We arrived in Santarem ridiculously early in the morning, at around 4am or something. Whilst everyone else was packing up their hammocks and gathering their things together, we decided to stay on the boat until they kicked us off. That occurred at 6, but at least by then the buses were running.
We grabbed a quick minibus into Santarem, then set about trying to get to Alter do Chao ... principally because that's what the Lonely Planet told us to do. To be fair, they weren't far wrong. Alter do Chao is stunning.
In our guide book it describes Alter do Chao as having white sand beaches on the Amazon river. When I read this I was not expecting too much. My idea of a "river beach" is a muddy slippery bank leading down to a small patch of sand, covered in bits of wood and the odd coke can. Nothing could be further from the truth, as you can see from these pictures.
The town itself is very small, and looks out on the picturesque, white sanded Ilha do Amor. It is also situated at the confluence of the Rio Amazonas (the famous Amazon) and two large tributeries - the Rio Tapejós and the Rio Arapiunes. All three of these rivers are enormous, looking more like lakes than rivers. In actual fact the very meeting of these great bodies of water has caused a real lake (Lago Verde) to be formed, also right next to Alter do Chao. The upshot is a lot of water, some lovely beaches, and a beautiful beautiful location.
We spent our first couple of days ooohing and aaahing at the scenery, lying on the beach and enjoying the best value for money room we've come across in Brazil ... it even had air con! We were happy people. Then, on the evening of the second day we thought we would experience the sun setting over the lake ... whilst on the lake. We rented a kayak for this purpose and headed out onto it.

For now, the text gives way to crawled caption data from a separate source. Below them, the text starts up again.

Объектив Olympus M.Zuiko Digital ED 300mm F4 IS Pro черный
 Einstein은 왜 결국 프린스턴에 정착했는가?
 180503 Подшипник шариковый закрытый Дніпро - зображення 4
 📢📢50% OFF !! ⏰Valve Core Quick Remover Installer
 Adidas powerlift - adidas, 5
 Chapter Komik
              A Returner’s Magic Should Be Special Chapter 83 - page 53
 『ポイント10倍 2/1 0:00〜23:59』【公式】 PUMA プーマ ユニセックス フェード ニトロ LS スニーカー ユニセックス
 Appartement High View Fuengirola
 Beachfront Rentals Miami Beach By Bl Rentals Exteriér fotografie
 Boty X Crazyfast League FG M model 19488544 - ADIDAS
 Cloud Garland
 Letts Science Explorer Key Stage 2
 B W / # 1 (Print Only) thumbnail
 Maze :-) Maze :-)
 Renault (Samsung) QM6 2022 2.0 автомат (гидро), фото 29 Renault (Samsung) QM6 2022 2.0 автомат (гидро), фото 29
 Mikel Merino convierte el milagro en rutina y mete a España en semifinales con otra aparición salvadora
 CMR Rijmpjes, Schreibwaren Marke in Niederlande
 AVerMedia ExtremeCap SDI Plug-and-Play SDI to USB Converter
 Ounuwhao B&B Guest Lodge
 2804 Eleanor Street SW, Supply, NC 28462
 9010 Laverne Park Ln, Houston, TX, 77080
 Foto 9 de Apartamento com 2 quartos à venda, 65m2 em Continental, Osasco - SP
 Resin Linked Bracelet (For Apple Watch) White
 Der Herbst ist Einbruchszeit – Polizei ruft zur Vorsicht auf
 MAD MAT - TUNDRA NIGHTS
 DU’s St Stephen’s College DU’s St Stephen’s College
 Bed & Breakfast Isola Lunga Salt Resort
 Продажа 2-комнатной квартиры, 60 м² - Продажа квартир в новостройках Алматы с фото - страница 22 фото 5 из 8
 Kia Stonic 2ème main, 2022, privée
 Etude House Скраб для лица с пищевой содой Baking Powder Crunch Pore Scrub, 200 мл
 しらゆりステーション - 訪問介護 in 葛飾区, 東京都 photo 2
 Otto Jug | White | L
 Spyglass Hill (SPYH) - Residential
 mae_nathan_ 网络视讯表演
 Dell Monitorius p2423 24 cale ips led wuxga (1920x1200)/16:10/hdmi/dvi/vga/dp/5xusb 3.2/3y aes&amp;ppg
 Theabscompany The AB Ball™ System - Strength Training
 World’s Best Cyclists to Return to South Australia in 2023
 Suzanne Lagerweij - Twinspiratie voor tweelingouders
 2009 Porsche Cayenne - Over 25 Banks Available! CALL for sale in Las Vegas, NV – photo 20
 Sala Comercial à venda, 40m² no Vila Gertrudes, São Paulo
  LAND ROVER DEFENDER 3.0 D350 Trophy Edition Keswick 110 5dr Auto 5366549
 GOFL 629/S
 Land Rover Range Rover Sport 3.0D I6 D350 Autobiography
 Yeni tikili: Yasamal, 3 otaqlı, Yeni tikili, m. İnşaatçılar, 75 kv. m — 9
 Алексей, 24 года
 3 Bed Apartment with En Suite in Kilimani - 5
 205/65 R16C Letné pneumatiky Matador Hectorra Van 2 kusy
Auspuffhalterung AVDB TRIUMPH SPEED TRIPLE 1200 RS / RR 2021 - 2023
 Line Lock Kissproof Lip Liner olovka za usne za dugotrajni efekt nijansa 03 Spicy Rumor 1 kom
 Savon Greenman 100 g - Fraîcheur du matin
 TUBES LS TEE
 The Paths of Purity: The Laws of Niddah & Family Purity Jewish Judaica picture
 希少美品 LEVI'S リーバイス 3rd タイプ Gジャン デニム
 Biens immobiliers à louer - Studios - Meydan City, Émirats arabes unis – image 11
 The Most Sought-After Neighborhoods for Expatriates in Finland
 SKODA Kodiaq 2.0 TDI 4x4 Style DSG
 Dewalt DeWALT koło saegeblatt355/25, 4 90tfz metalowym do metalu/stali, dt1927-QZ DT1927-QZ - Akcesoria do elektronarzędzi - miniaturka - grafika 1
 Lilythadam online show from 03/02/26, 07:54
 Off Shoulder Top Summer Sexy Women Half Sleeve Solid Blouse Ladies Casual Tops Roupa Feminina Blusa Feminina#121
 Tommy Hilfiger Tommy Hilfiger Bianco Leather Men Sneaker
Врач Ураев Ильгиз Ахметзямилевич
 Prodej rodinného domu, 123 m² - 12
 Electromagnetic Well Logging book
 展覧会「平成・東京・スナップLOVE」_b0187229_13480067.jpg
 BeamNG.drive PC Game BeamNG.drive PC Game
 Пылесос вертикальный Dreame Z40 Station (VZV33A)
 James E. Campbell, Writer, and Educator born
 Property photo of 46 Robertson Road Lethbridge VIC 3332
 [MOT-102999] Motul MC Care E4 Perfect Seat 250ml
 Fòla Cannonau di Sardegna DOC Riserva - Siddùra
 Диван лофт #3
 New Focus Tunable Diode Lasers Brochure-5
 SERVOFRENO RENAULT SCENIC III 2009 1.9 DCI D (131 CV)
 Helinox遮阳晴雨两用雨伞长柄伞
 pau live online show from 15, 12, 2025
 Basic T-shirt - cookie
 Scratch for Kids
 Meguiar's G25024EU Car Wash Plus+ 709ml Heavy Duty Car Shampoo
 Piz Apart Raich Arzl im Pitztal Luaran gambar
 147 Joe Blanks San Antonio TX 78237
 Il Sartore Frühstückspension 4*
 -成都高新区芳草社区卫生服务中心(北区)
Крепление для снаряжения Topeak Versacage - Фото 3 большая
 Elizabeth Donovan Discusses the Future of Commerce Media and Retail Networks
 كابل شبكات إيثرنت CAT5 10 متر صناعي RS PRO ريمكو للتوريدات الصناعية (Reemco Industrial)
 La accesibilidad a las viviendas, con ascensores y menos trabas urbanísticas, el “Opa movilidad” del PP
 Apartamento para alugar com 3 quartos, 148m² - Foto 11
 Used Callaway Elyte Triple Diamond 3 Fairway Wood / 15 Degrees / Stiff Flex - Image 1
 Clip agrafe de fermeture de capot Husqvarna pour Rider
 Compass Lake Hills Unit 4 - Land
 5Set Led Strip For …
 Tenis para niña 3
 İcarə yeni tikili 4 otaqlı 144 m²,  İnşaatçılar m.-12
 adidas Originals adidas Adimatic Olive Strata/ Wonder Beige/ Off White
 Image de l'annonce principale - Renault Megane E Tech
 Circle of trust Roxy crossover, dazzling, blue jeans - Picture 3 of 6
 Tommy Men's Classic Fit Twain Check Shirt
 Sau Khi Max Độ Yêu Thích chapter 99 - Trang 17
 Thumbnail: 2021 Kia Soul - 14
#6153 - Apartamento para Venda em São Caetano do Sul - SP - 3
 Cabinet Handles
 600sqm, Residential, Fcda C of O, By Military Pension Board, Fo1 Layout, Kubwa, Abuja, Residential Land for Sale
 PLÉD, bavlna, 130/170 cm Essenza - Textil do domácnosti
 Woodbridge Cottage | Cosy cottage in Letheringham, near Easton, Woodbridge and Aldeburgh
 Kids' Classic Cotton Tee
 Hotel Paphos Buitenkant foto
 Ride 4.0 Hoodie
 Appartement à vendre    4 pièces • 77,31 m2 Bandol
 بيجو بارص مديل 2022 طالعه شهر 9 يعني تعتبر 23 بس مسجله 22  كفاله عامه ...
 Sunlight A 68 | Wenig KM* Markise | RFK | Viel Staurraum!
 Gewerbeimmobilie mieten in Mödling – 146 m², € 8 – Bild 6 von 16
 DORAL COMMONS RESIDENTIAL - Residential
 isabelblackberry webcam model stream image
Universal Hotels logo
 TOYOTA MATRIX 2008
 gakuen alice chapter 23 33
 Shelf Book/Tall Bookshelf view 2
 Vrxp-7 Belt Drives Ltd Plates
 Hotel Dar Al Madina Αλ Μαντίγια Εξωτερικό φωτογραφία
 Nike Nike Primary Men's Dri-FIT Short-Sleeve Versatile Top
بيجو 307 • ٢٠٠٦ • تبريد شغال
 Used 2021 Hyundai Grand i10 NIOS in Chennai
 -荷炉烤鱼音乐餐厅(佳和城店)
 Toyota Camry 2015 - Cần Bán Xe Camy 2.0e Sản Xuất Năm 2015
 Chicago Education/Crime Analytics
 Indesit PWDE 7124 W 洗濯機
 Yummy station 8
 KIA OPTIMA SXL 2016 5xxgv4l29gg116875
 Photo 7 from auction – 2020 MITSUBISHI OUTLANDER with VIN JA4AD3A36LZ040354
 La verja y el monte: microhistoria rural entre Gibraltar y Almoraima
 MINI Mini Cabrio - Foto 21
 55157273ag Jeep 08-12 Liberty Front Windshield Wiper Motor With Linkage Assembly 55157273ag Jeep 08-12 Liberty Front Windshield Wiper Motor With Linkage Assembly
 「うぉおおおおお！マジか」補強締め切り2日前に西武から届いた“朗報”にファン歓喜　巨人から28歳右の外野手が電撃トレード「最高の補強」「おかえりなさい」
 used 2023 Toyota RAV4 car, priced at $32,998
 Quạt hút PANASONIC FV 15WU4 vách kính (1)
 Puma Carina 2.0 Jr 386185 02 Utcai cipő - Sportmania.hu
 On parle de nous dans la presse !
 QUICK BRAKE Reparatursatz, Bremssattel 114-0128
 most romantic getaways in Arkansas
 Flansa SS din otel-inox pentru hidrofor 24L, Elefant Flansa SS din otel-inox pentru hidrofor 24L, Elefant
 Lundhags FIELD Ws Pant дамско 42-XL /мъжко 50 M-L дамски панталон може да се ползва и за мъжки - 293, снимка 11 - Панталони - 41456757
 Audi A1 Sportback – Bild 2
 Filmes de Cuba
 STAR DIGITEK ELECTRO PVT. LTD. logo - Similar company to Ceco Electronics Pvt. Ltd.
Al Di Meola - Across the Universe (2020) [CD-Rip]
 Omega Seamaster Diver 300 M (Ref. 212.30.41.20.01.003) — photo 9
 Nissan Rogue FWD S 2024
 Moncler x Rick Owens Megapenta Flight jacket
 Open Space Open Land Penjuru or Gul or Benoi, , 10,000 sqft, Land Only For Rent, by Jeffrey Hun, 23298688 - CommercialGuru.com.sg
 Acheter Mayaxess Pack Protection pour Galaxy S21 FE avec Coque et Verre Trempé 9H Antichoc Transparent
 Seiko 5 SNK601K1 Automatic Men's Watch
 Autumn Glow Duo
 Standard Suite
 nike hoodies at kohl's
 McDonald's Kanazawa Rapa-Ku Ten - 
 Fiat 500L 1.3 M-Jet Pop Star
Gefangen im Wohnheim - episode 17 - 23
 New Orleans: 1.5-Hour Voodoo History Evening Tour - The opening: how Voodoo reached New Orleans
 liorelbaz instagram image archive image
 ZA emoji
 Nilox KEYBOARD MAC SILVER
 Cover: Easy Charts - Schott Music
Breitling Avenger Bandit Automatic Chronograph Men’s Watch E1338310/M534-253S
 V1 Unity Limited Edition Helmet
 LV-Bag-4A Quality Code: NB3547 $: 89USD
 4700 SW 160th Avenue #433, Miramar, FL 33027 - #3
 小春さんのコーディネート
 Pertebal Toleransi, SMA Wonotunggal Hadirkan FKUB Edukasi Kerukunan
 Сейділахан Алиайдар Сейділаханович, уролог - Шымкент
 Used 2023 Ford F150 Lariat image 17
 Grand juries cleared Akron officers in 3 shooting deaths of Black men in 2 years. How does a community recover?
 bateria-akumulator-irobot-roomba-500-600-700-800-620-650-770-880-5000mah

The kayak however, turned out to be pretty unstable. Not only did it threaten to overturn us (complete with non-waterproof camera) at every stage, it also patently refused to go in the direction we paddled in. Even with both of us paddling on the left, the blasted thing would continue to veer over to the left, until we were going round and round in ever more ridiculous looking circles, much to the amusement of the locals watching from the shore. In the end I paddled while Liz steered, and we managed to get at least a little ways out into the lake. We then got tired and retired to a nearby beach ... which also gave fantastic views of the sun set fortunately.
After the sun set, rather than struggle back to the rental place in the dark, we beached the thing at the earliest opportunity and dragged it back. At least it was exercise! We then retired to a restaurant to try Pirarucu - the Amazon river's tasty resident fish.